"Want to talk about it?"
A pause. Then: "Not really."
Olivia should have left it there. Should have said goodnight and gone to her own room and dealt with whatever this was in the morning, when she was sober and clearheaded and better equipped for difficult conversations.
But Lily was just sitting there. Waiting.
Olivia crossed to the bed and sat on the edge, leaving space between them. "What's going on?"
Lily didn't answer. Her eyes stayed on the wall.
"I thought maybe it was just being fifteen. Or being away from home." Olivia kept her voice even. "But it's more than that. Isn't it."
Silence.
"What is it?"
"You're going to be upset."
"Maybe. But I'd rather know than wonder."
More silence. Somewhere outside, a car door closed. Footsteps on a neighboring porch, then quiet again.
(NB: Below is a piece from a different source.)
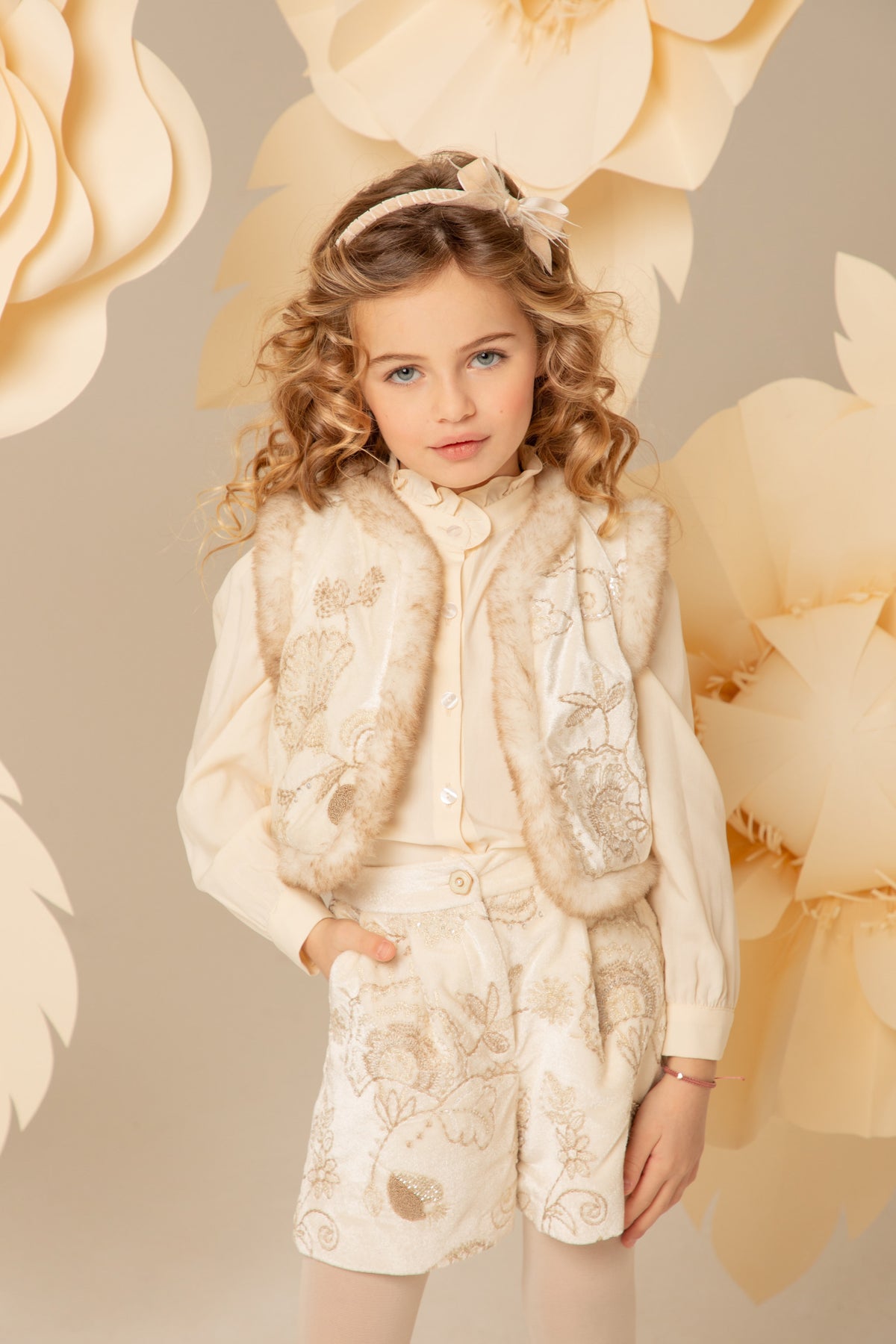 Ivory velvet vest with faux fur trim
"It was in January," Lily said at last. "Before you and Dad started acting weird. Before you stopped talking to each other at dinner."
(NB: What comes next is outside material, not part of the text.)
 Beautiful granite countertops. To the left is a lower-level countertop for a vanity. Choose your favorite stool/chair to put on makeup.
January. A month before Olivia had found the texts.
"I couldn't sleep," Lily continued. "I kept having these dreams about—it doesn't matter. Anyway, I went downstairs to get water, and I heard a car pull up outside."
Olivia's heart had started to beat in a strange, arrhythmic way.
"It was late. Like, two in the morning. I looked out the window because I thought maybe someone was picking something up, or there was an Uber, or—I don't know what I thought."
She stopped. Olivia waited.
"Dad was outside." The words came out flat now, rehearsed, like she'd been waiting to say them. "He walked out to the car. A woman got out. They kissed. For a long time. Like, really kissed. And then they talked for a while, and she got back in her car, and Dad came back inside."
Olivia could feel the beer souring in her stomach.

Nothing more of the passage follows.